* _Information shown_:
____

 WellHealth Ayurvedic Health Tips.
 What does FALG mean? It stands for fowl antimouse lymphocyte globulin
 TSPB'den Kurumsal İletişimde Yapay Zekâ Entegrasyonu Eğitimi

____

* _Work required_: The data are to be transcribed in full, exactly as given.

* _Solved exercise_:
 WellHealth Ayurvedic Health Tips.
 What does FALG mean? It stands for fowl antimouse lymphocyte globulin
 TSPB'den Kurumsal İletişimde Yapay Zekâ Entegrasyonu Eğitimi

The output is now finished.